The double Olympic champion has been asked by the FA to help in its review of anti-doping procedures. The Manchester United and England defender missed a drugs test on 23 September and will face an FA disciplinary committee hearing starting on Thursday in Bolton.
Ferdinand's case highlighted disparities between FA policy and those of many other sports, with athletics among those who treat missed tests as seriously as positive results.
Lord Coe, in Sheffield for the launch of the World Trials and AAA Championships which take place in February, believes athletics can point the way to the FA in terms of getting the message across.
"I think it's sensible that sports can learn from each other," he said. "In athletics we've been dealing with this on and off for the last 25 to 30 years, and in a high-profile way for the last 10 or 15 years. I think it's a sensible move from the FA.
"It's a complicated process it's not just about protocol and procedures because the second there is a millimetre of a loophole then the lawyers will pick it apart straight away. In track and field we have a very clear set of rules and regulations and no athlete now can genuinely say that they are unaware of the penalties, the potential downsides or the rules."
The former Republic of Ireland international striker Tony Cascarino has admitted he regularly received injections of unknown drugs while playing for Marseilles in the 1990s.
"To this day I don't have a clue what it was," he said. "The doctor would only tell me that it would give me an adrenalin boost and I never felt inclined to ask the rest.
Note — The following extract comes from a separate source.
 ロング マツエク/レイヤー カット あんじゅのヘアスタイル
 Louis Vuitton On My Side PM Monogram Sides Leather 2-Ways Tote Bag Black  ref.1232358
Whatever the substance was, my performances improved. I cling to the sliver of hope that it was legal, though in reality I'm 99 per cent sure it wasn't."
Cascarino said the injections were administered with a "staple gun laden with 20 needles" and that, as a foreigner and newcomer, he would have felt uncomfortable declining.
The jabs, given 45 to 60 minutes before kick-off, made him feel sharper and more energetic and that the club's chairman, Bernard Tapie, who ruled the club completely, "made it clear my place in the team depended on me partaking".